Generate a variable that combines string-observations based on two conditions (date constraint by group)

Patrick Figge

Join Date: May 2014

Posts: 6
#1

Generate a variable that combines string-observations based on two conditions (date constraint by group)

24 Jul 2015, 05:52

Hi everyone,

I struggle with a list of persons that can be uniquely identified by the variable "name". The persons are observed at different points in time ("date_str" / "date"). I want to generate a new variable that includes all values of the variable "classes" for a given person within the past 5 years. Exemplary data: see below.

Code:

clear input str25 name str15 date_str str15 classes "Lastname 1, First name 1" "June 16, 2003" "F22B H04Q F04C" "Lastname 1, First name 1" "July 15, 2004" "B65D G01N" "Lastname 1, First name 1" "May 3, 2006" "C12Q" "Lastname 1, First name 1" "July 8, 2009" "C08K" "Lastname 2, First name 2" "April 5, 1999" "F16J B06B H04R" "Lastname 2, First name 2" "May 20, 2003" "F22B" "Lastname 2, First name 2" "April 2, 2007" "G01N" end gen date = date(date_str, "MDY") order name date_str date classes

For instance, in line 4 the new variable would have the value "C08K C12Q B65D G01N". In more general terms: I am trying to combine string-observations based on two conditions: (1) same "name" and (2) "date" has to be within the past 5 years of the focal date.

This might be related to a previous post: www.statalist.org/forums/forum/general-stata-discussion/general/1295115-how-to-summarize-multiple-observations-per-id. However, I struggle with adapting this: It is not enough to look at the previous line. The evaluation of dates has to consider the whole group defined by "name". [Repeating classes - e.g., "F22B H04Q F22B" - are not an issue: I can discard them afterwards.]
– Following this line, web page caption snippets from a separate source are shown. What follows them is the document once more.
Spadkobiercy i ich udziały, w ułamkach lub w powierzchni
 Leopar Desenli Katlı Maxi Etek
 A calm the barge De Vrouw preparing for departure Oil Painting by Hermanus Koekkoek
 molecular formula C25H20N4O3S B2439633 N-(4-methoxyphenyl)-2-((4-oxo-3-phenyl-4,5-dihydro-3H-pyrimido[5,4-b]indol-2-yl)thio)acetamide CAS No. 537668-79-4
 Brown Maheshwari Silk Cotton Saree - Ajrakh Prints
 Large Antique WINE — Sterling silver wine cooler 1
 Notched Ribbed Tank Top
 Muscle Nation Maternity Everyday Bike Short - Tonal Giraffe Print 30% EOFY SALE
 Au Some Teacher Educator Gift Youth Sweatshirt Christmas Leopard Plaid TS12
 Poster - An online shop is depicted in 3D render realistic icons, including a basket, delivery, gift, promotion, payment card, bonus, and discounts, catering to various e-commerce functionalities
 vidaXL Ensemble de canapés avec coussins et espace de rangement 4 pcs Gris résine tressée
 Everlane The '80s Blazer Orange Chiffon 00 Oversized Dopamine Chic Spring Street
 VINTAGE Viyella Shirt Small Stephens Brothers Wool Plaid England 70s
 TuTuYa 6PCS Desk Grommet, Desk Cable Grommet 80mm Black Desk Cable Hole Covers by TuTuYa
I'm thankful for any help or suggestions!
Patrick
Tags: None

Nick Cox

Join Date: Mar 2014
Posts: 35414

24 Jul 2015, 06:16

Well posed problem!

Consider this:

Code:

 
clear
input str25 name str15 date_str str15 classes
"Lastname 1, First name 1" "June 16, 2003" "F22B H04Q F04C"
"Lastname 1, First name 1" "July 15, 2004" "B65D G01N"
"Lastname 1, First name 1" "May 3, 2006" "C12Q"
"Lastname 1, First name 1" "July 8, 2009" "C08K"
"Lastname 2, First name 2" "April 5, 1999" "F16J B06B H04R"
"Lastname 2, First name 2" "May 20, 2003" "F22B"
"Lastname 2, First name 2" "April 2, 2007" "G01N"
end
gen date = date(date_str, "MDY")
order name date_str date classes

gen wc = wordcount(classes) 
expand wc 
sort name date 
bysort name date : gen count = _n 
gen class = word(classes, count) 
by name (date) : drop if (date[_N] - date) > (5 * 365.25) 
bysort name class : drop if _n > 1 
by name : gen wanted = class[1] if _n == 1 
by name : replace wanted = wanted[_n-1] + " " + class if _n > 1 
by name : keep if _n == _N 
list 



     +-------------------------------------------------------------------+
  1. |                     name |      date_str |  date |   classes | wc |
     | Lastname 1, First name 1 | July 15, 2004 | 16267 | B65D G01N |  2 |
     |-------------------------------------------------------------------|
     |      count      |      class      |                   wanted      |
     |          2      |       G01N      |      B65D C08K C12Q G01N      |
     +-------------------------------------------------------------------+

     +-------------------------------------------------------------------+
  2. |                     name |      date_str |  date |   classes | wc |
     | Lastname 2, First name 2 | April 2, 2007 | 17258 |      G01N |  1 |
     |-------------------------------------------------------------------|
     |      count      |      class      |                   wanted      |
     |          1      |       G01N      |                F22B G01N      |
     +-------------------------------------------------------------------+

Comment

Patrick Figge

Join Date: May 2014

Posts: 6
#3

24 Jul 2015, 06:55

Thank you a lot for the quick reply: That's already a big step forward!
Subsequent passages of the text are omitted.